Both men recognized that, as the Torah teaches, “fear of God is the beginning of Wisdom,” a sentiment not found in the Intermarriage Handbook. Yet Maritain would have surely agreed with Buber’s reflection that Isaiah and Jesus demand not just a faith in God, which was implied and understood, but “its realization in the totality of life.”
I suggest that these are two teachers for us all.
Rather than diluting or omitting articles of faith for our personal convenience, even for the sake of interfaith harmony, the paths of Buber and Maritain suggest that we accept our differences as calling for deeper understanding and for humility. Not that we don’t share a great deal in faith and ethics. Doesn’t the common ground, for instance, suggest a required opposition to the contemporary idolatries of power and wealth, and of materialist consumerism? But there remain crucial differences, including some seeming gulfs.
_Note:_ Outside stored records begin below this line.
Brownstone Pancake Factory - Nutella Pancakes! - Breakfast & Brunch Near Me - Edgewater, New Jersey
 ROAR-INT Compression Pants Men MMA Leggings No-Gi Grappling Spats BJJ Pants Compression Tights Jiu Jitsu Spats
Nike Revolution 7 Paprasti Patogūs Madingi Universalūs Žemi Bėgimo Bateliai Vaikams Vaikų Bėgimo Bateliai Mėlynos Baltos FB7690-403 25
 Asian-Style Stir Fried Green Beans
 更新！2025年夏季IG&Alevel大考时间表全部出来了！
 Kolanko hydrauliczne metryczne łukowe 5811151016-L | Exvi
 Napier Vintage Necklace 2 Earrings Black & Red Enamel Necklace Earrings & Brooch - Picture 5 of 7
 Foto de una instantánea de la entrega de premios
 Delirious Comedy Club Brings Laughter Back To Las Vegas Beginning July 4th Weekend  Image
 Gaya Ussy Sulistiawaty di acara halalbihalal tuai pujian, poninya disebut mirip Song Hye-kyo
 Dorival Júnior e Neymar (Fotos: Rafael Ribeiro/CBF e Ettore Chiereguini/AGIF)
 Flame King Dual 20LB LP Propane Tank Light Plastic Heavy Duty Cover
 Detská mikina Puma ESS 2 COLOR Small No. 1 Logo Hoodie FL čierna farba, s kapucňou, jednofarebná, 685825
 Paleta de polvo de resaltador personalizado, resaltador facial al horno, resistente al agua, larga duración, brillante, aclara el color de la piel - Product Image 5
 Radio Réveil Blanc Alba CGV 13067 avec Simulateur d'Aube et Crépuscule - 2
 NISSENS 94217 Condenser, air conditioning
If, however, we must challenge each other, shouldn’t it be not so much as to amend and bend as to deepen our faith, forcing us to reach beyond the comfortable and familiar to that convergence Christians find in Grace and Mystery and which Buber called “Thou”?
The greatest Jewish artist of modern times, Marc Chagall, was a friend of Jacques Maritain. In fact, Raissa Maritain wrote a long study of Chagall and his work. Like Buber, Chagall was drawn to Jesus and painted a number of crucifixion scenes. Chagall saw Jesus as archetypal, perhaps holy but not divine, not as the Christian savior but as Jewish prophet and martyr. In one of Chagall’s masterpieces, the White Crucifixion, the crucified Christ is a Jew whose loins are covered by a tallith, a prayer shawl. The cross is surrounded by images of a burning synagogue, fleeing refugees, the dead and dying. It is the world of pogrom, war, and revolution, yet it is bathed in the holy light of redemption.
Chagall’s image suggests a possibility, perhaps even a miracle. Is it possible that Jesus the Jew, accepted as a living Messiah by some but only as a loving brother by others, can still be a bridge between us? Is this perhaps the ultimate “Jewish paradox”: that the symbol of rejection could yet become the means of reconciliation? It would mean that the same Jesus of history, whose worshipers persecuted his people, would bring the divided together, not in identity but in forgiveness and in love. For Jesus to be recognized by Jews as the suffering servant described in Isaiah could be nothing more or less than the revelation of a beloved brother and teacher. It is in fulfilling his faithfulness as a Jew that he is despised and misunderstood, yet brings justice and truth. And thus as a Jew, he offers his earthly life as a sacrifice to love and faith.
And for those who are his followers, who took his prophetic name, and for whom He is more than suffering servant, more than brother and teacher, a Christ-centered dialogue with Judaism would mean accepting and acknowledging this Jewish view of Jesus as profoundly different from our own and yet as another path to God.
Miracle or mitzvah, many of us in interfaith marriages would welcome such a dialogue.